# One-man Anarchist Wrecking Crew



## blue ant (Apr 20, 2018)

By the edge of the New Orleans French Quarter, there's a pair of abandoned buildings built next to each other. One is a small two-story business building; the other a pretty sizable shop floor. Both, as one would expect, had their windows boarded and their doors locked with iron gates.

That day, it was raining; it had stormed the night prior, soaking me and my gear, so I was desperate for a roof over my head so I could dry out. Searching for a squat, I noticed a gate left wide open in the business building, and ducked inside. The place was obviously condemned, so I could ignore the obvious gins of habitation. I slept (poorly) on the second floor that night.

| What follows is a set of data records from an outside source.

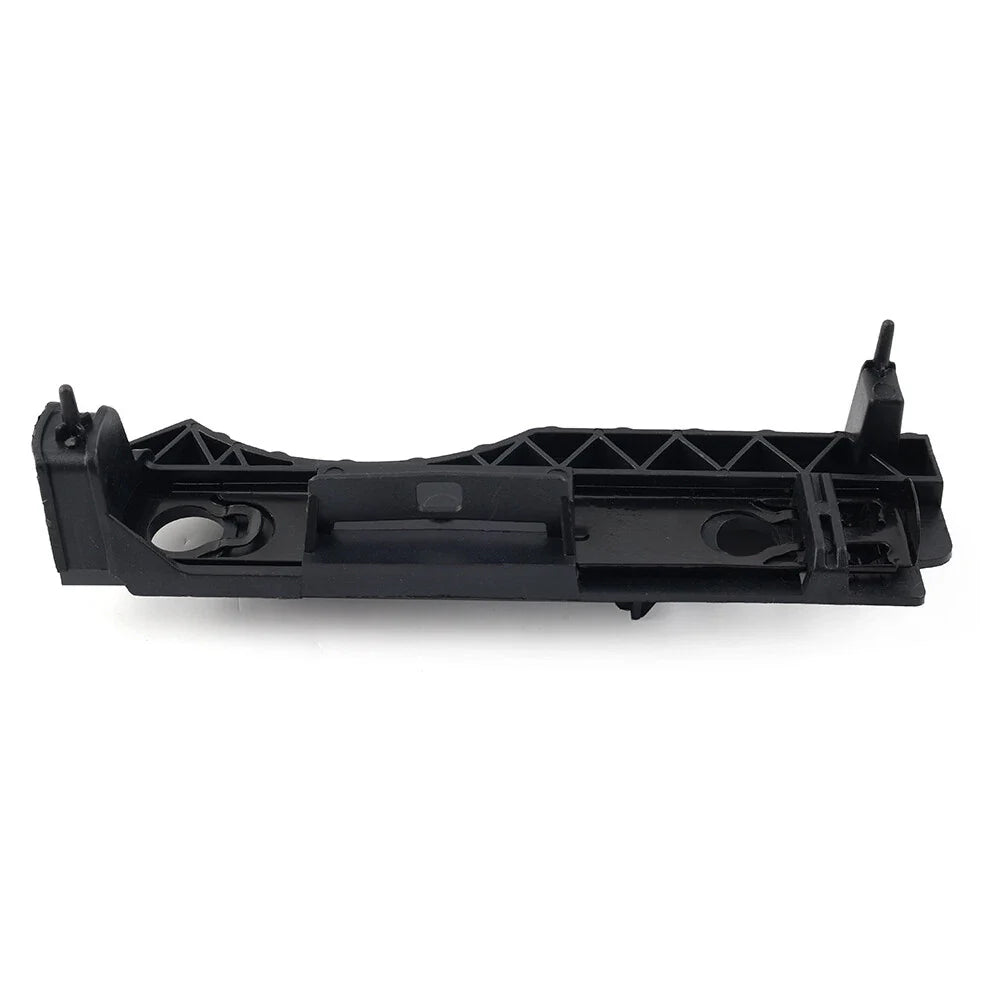 Headlight Mounting Support Bracket for Land Rover Discovery 4 (2010-2016)
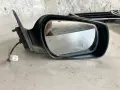 Дясно огледало за Мазда 6, снимка 1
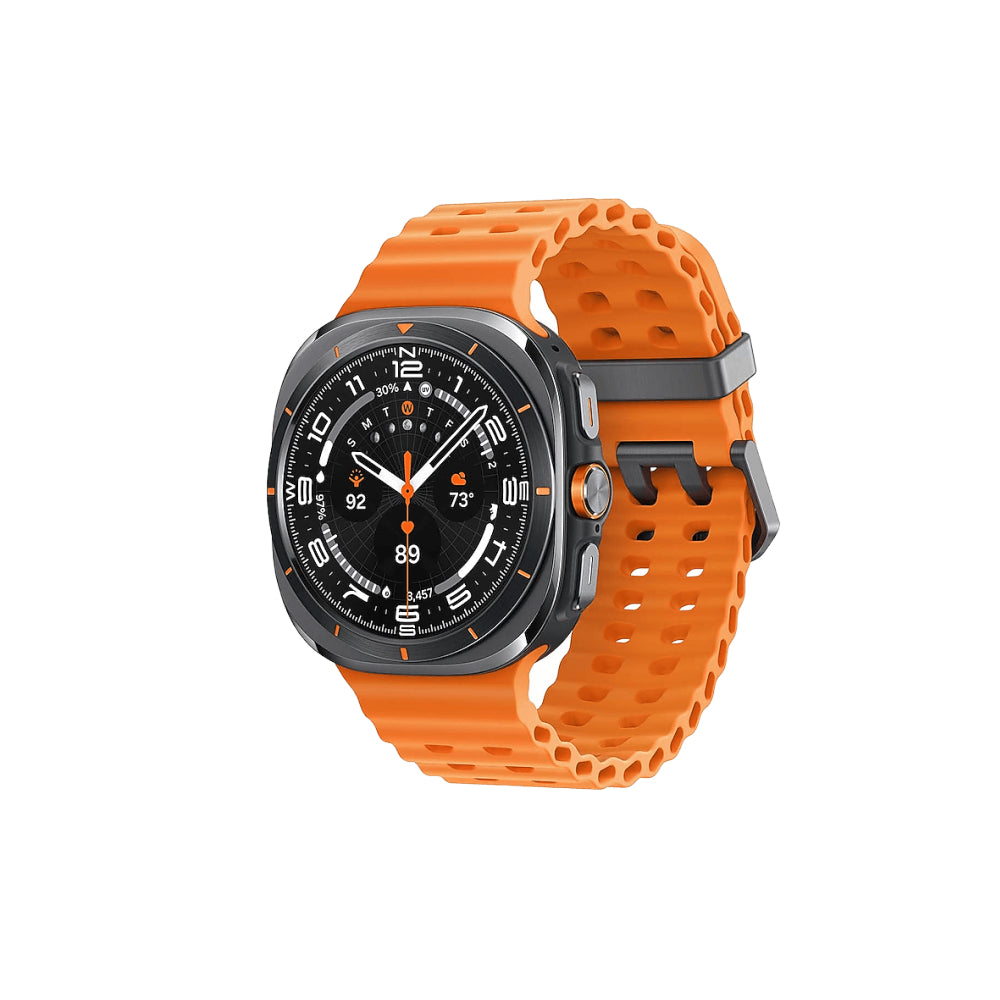 SAMSUNG GALAXY WATCH ULTRA 47MM (2025)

The next morning, I packed up and started down the stairs, only to find that the door to the bottom floor was locked. I tried to pick the lock, failed, then shoved all of my gear through a tiny window in the wall between the stairs and the first floor, only to find out that the door that had been left wide open and the gate behind it had also been locked. I was quite thoroughly locked in.

Unwilling to give into despair quite yet, I searched for an escape route. Seeing a filthy hole in the stone wall at the back of the room, I climbed into the darkness, figuring I might as well, to find myself on the shop floor. I noticed two possible exits: one, a large hole in the wall, high above. I figured I could climb up the rot-exposed studs and beams in the walls and ceiling, and I did, until my supports collapsed and I ate shit, also destroying my way out in the process.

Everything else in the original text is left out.